Clearly, daisy chaining is suboptimal because it uses a very small portion of the total bandwidth of the grid of processors.

Our third method is a combination of daisy chaining in the vertical and horizontal directions of the grid. In the first pass, consisting of  $\sqrt{k} - 1$  steps, all nodes collect the data items of the other nodes on their vertical line by the daisy chaining algorithm of the ring. Since each vertical line forms a ring of  $\sqrt{k}$  processors, this first pass requires a total of  $(\sqrt{k} - 1)(\frac{N}{kb_G} + \tau_G)$ . In the second pass, each node will perform a daisy chaining in the horizontal direction to get the data collected from the first pass. The data packet moved around each horizontal line has now swelled

to  $\sqrt{k}N/k = N/\sqrt{k}$  and therefore the total time for the second pass is  $(\sqrt{k}-1)(\frac{N}{\sqrt{k}b_G} + \tau_G)$ , leading to a total time of

$$T_{3,G}^{AD} = (\sqrt{k}-1) \left( \frac{N}{\sqrt{k}b_G} \left( 1 + \frac{1}{\sqrt{k}} \right) + 2\tau_G \right). \quad (3.31)$$

Notice that for large  $k$  this is approximately,

$$T_{3,G}^{AD} \approx \left( \frac{N}{b_G} + 2\sqrt{k}\tau_G \right). \quad (3.32)$$

Observe that the latency time is divided by a factor of  $\sqrt{k}/2$  as compared with the time of the daisy chaining algorithm.

#### (E) Hypercube

Several methods for exchanging data from every node to every other node have been seen in [13]. The most effective one described there is a total exchange algorithm which essentially keeps all the links busy exchanging data all the time. The corresponding time for large  $k$  is of the form

$$T_{3,H} \approx 2(\log_2 k)\tau_H + \frac{2N}{(\log_2 k)b_H} \quad (3.33)$$

#### (F) Switch

A first method would be to emulate the ring (see Section 3.2) and use the daisy chaining algorithm of the rings. The corresponding time would be

$$T_{3,S} = (k-1) \left( \frac{N}{kb_S} + \tau_S \right). \quad (3.34)$$

A better time can be achieved by a simple variation of the daisy chaining scheme. For example, a permutation used in emulating the ring is,  $\Pi(j) = (j \text{ Mod } k) + 1$ . In the first step of the daisy chaining, each processor has its data plus the data of its right neighbor. What we would like at the next step is that any given processor collects the two data items accumulated two processors away (at the right) from it. Thus, processor 1 will receive from processor number 3 the data of processor 3 and that of its right neighbor, which processor 3 has obtained in step 1. At step 3, we should get the 4 data items accumulated in the processor at distance 4 from it and so on. The algorithm can be sketched as follows:

For  $i = 1, 2, \dots, \log_2 k - 1$  do

    Every processor  $j$  reads the data collected in processor number  $[(j-1+2^i) \text{ Mod } k] + 1$ .
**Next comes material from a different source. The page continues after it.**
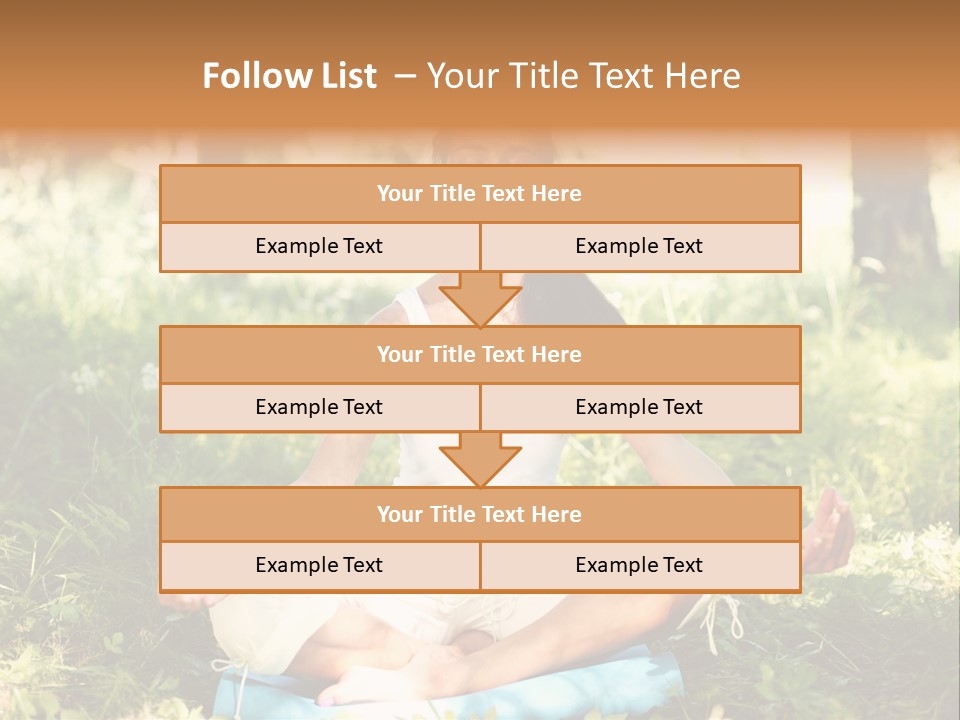Smiling Girl Care PowerPoint Template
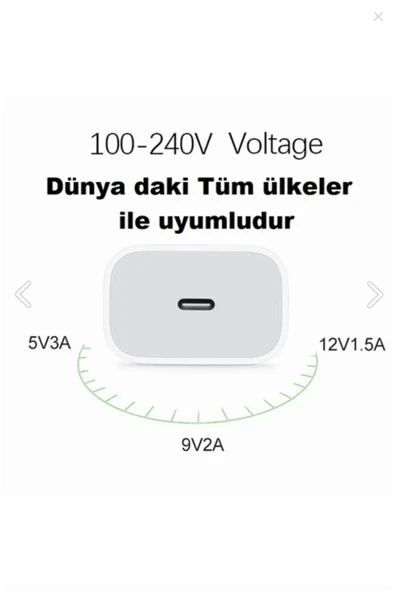Iphone 15 Pro Max Uyumlu Hızlı Şarj Adaptörü 20w - Resim 4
This main loop of the above algorithm can be performed in parallel thanks to the switch mapping used at the  $i$ -th step  $\Pi(j) = [(j-1+2^i) \text{ Mod } k] + 1$ . The data to be moved doubles at every step, and the number of steps is  $\log_2(k)$ . This leads to the total time:

$$T_{3,S}^2 \approx \frac{N}{b_S} + \log_2(k)\tau_S. \quad (3.35)$$

We should point out that this algorithm is a simple adaptation of a similar algorithm called the alternating direction exchange algorithm for hypercubes in [13].
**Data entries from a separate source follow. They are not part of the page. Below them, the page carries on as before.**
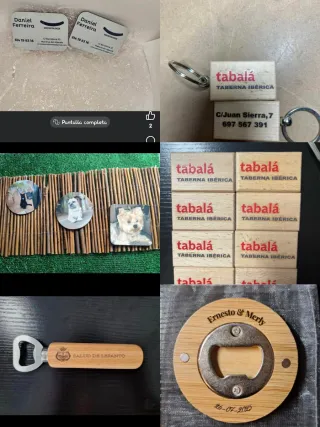 Artículos personalizados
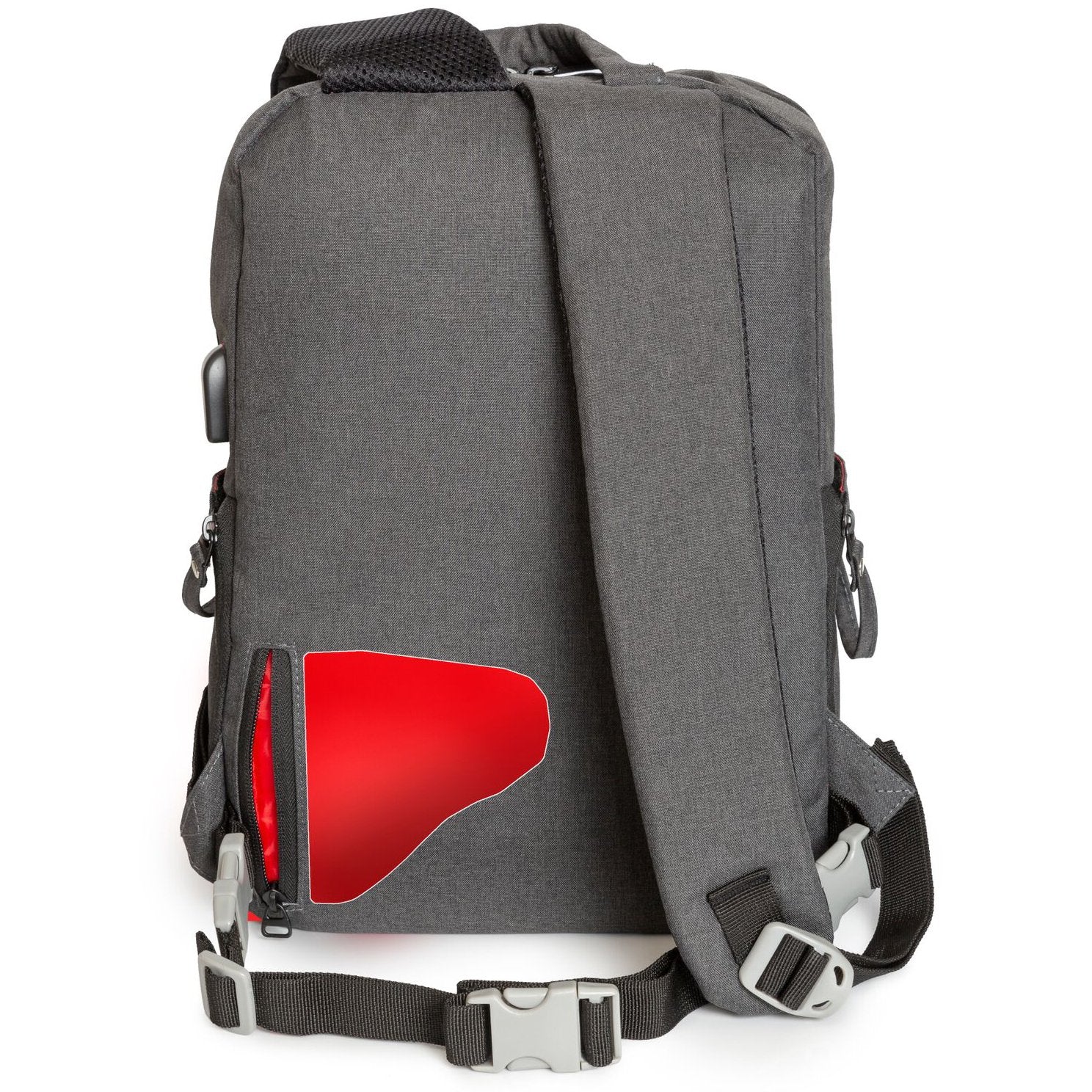 Deco Photo Photo and Video Backpack for Mirrorless and DSLR Cameras and Drones (Dark Grey) - Image 3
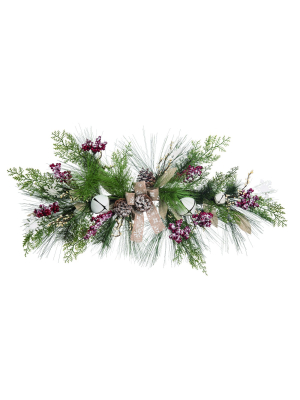 Transpac Artificial 32 In. Multicolor Christmas Greenery With Berry Swag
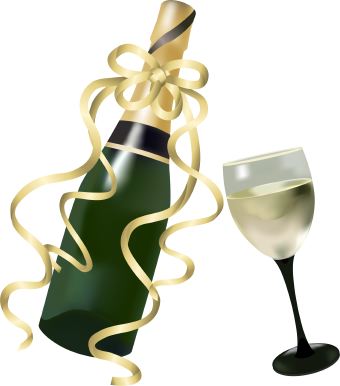 Champagne glass clip art 4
### 3.4. Scattering and gathering

We consider the problem of scattering  $k$  vectors each of size  $N/k$  from one processor to all others.

#### (A) Broadcast Bus.

It suffices to send the data packets successively, in time

$$T_{4,B} = k \left( \frac{N}{kb_B} + \tau_B \right) = k\tau_B + \frac{N}{b_B}, \quad (3.36)$$

#### (B) Shared Memory

To scatter  $k$  different vectors of length  $N/k$  each from one processor to all others in a shared memory multiprocessor, we may write the data into memory at the cost of  $N/b_M + \tau_M$  and then have all processors read it up simultaneously from memory at the cost of  $(\frac{N}{kb_M} + \tau_M) \max(1, \frac{k}{k^*})$ . Again we should be aware of memory conflict. Assuming no memory conflict the total time comes to approximately,

$$T_{4,M} = \left( \frac{N}{b_M} + k\tau_M \right) \left( \max(1, \frac{k}{k^*}) + 1 \right). \quad (3.37)$$

#### (C) Ring

To scatter data around a ring we will pipeline it around in both directions in parallel, the first packet being the packet sent counter-clockwise to processor  $[k/2]$  and the second being sent clockwise to processor  $[k/2] + 1$  and so on. The data transfer will be completed as soon as the first packet reaches its destination, i.e., in time

$$T_{4,R} \approx \left( \frac{N}{2b_R} + \lceil \frac{k}{2} \rceil \tau_R \right). \quad (3.38)$$

#### (D) Grid

To scatter data from node  $(0,0)$  in the grid, we can proceed as for the broadcast operation. We can do a scatter in the horizontal direction, where we send to processor  $(i,0)$  all packets that are destined to all processors with indices  $(i,j)$ . In the second phase all processors  $(i,0)$  scatter in the vertical direction those data packets they received in the first phase. According to the previous paragraph, the time for phase 1 is about

$$\frac{N}{2b_R} + \sqrt{\lceil \frac{k}{2} \rceil} \tau_G.$$

The second phase will take the time

$$\frac{N}{\sqrt{k} 2b_G} + \sqrt{\lceil \frac{k}{2} \rceil} \tau_G,$$

and the total is,

$$\frac{N}{2b_G} (1 + k^{-1/2}) + 2\sqrt{\lceil \frac{k}{2} \rceil} \tau_G \approx \frac{N}{2b_R} + \sqrt{k/2} \tau_G. \quad (3.39)$$

#### (E) Hypercube

Scattering algorithms can be easily derived by analogy with broadcasting algorithms. The difference

between the two is that the first sends the same data to all processors while the second sends a different data packet from a particular node (say node  $O = 0^n$ ) to all other processors. Assume that we want to scatter the vectors  $v_0, v_1, \dots, v_{k-1}$  to the nodes  $0, 1, \dots, k - 1$  respectively. In [13] we have derived the following algorithm based on this observation.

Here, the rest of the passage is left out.